The NT$2.35 billion (US$80.8 million) deal, pending approval from both the company’s shareholders and from regulators, marks the first Chinese investment since late March, when Taiwan launched its third round of market liberalization with China, affecting 161 types of industries. Chinese investors are still banned from having managerial control, or becoming major shareholders in several key sectors such as the LED, flat panel, semiconductor and solar battery industries.
If approved by the Ministry of Economic Affairs’ Investment Commission, the deal will also become the largest single Chinese investment in Taiwan since it relaxed rules on Chinese investment in 2009.
The deal has surprised many in the LED industry and caused mixed reactions inside and outside of the sector, as Sanan is a major rival of Taiwanese LED chipmakers such as ForEpi and Epistar Corp.
The capital injection would help ForEpi strengthen its finances and expand the scale of its business. Moreover, the strategic partnership would provide it with greater access to China’s LED market. Advocates of this first cross-strait cooperation in the LED industry also expect the deal to help ease the cutthroat competition among LED makers, under which Chinese companies have cut prices in recent years because of over-investment and a production glut. These advocates hope that more collaboration will come in future.
The downside of such collaboration is the possibility of technology leaks that could hinder Taiwanese firms’ growth. While ForEpi has vowed to protect its patent portfolio and retain managerial rights, concern over Sanan gaining the upper hand in new technological innovation will remain, given Chinese firms’ notorious record in this area.

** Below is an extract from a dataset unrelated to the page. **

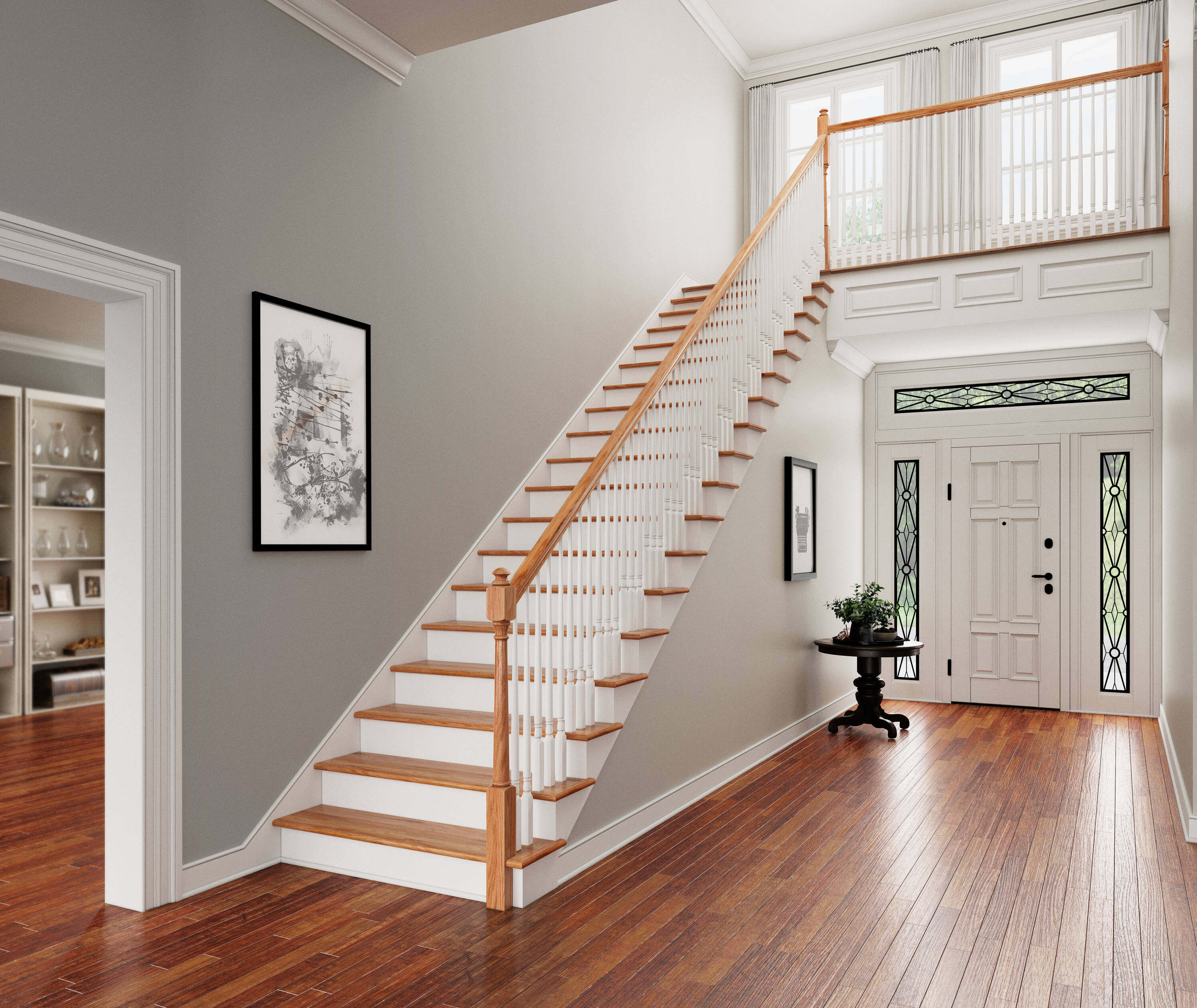 Crown Heritage 4444042 Interior-Stairpart-Newel-Posts - View #2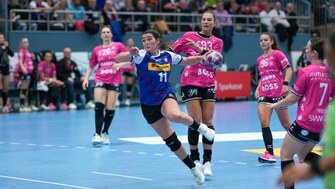 Lisa Rajes HSG Blomberg Lippe Handball Bundesliga Frauen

It is not yet known how Mitsui, which became a strategic partner of ForEpi early last year, and Toyoda Gosei Co, which inked a cross-license agreement with the firm last month, will respond to the tie-up. However, the possibility of technology leaks may have touched a raw nerve. For instance, a dispute over the next-generation indium gallium zinc oxide panel technology is said to be a key factor holding up financing and partnership negotiations between Taiwan’s Hon Hai Precision Industry Co and Japan’s Sharp Corp, as Sharp has been reportedly reluctant to share its proprietary technology with Hon Hai for fear of leaks.
Moreover, the deal has rekindled worries that as increasingly affluent Chinese companies are on the lookout for favorable investment targets in Taiwan with a global customer base and superior technology portfolios, financially troubled local firms will want to follow in ForEpi’s footsteps in securing much-needed capital and a foothold in the Chinese market.
This would allow Chinese firms to shorten their learning curve and quickly upgrade their technology, while eliminating a major competitor.
Closer cross-strait cooperation could bring benefits to Taiwanese industries if executed carefully and under tight government oversight. However, local firms must consider whether inviting Chinese rivals to be investors will benefit them in the long term.
Perhaps what they need to do is resist the temptation to think that their only hope of salvation is to be found in China.